Stand up straight and do something about that tailor!

My father loved telling this story about the man who went to a tailor to have a suit made. After a week he comes back and tries it on.

Old Tailor (by Maurizio Moro)

Man: “It is a bit too tight at the shoulders.”
Tailor: “Oh well, why don’t you try lifting your shoulders like this and twisting one back and one forward, then it will be fine.”
Man: “And what about the pant legs, one is longer than the other.”
Tailor: “No problem, just bend one knee and turn the foot to the side and no one will see it.”
Man: “But it is also really wide at the waistline.”
Tailor: “Isn’t it great to have some breathing space? Just breathe in real deep and stick out your tummy.”
and on and on it goes…
My father took great pleasure in showing us each and every contortion the poor guy went through to make the tailor happy and the suit fit. Finally he would limp out of the shop, belly sticking out, shoulders and legs in strange angles and overhear two friends talking about him. “Look at this poor cripple!” “Yeah, poor guy, but he has a great tailor!”

Do you have such a great tailor in your organization? I am often amazed at the desire for stability and fear of change (or fear of confronting tailors?) that leads organizations to keep their bad tailors and force everyone else to learn how to walk limping and contorted while still carrying a smile on their face. Instead of standing up straight to let everyone see that the tailor is not doing his / her job properly.

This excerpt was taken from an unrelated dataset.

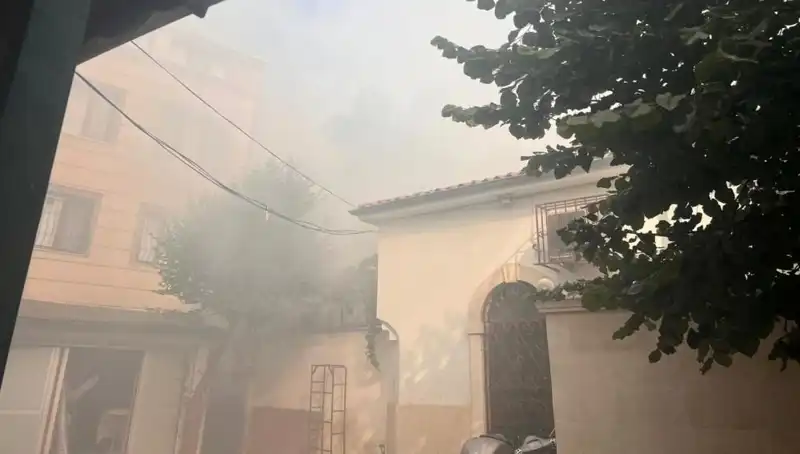 Fatih’te Tarihi Tahta Minare Hamamı'nda Yangın Paniği Yıldırdı
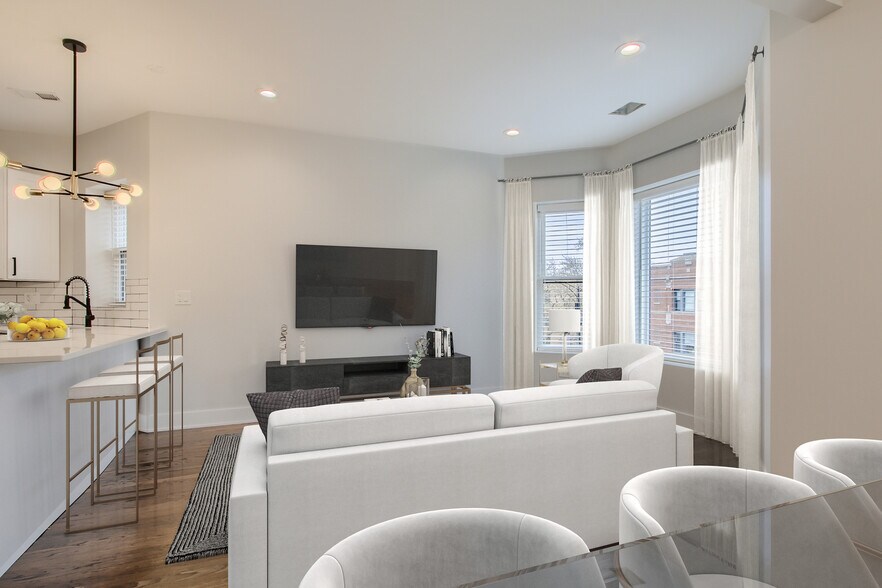 Building Photo - 1452 W Irving Park Rd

In network terms this kind of situation often develops in two stages: First the tailor is a person who sits on a structural hole (connecting two parts of the network not otherwise linked), has some kind of responsibility not easily transfered and is in the position to function as a gate keeper or bottleneck. If the tailor turns out to be a bad one, there are two ways organizations tend to deal with this kind of situation: Either someone in a higher position of authority changes the situation by removing the person, working on improving their performance or building alternative procedures. Or, in case leadership does not act, you can see an interesting growth in the informal networks: Those people within the organization who have no authority to do anything about the situation, build informal bridges around the structural hole to continue being able to do their work. And because they know that the leadership is not supportive of changing the situation, they will make do, lift one shoulder, twist one leg, stick out their belly and pretend everything is just fine.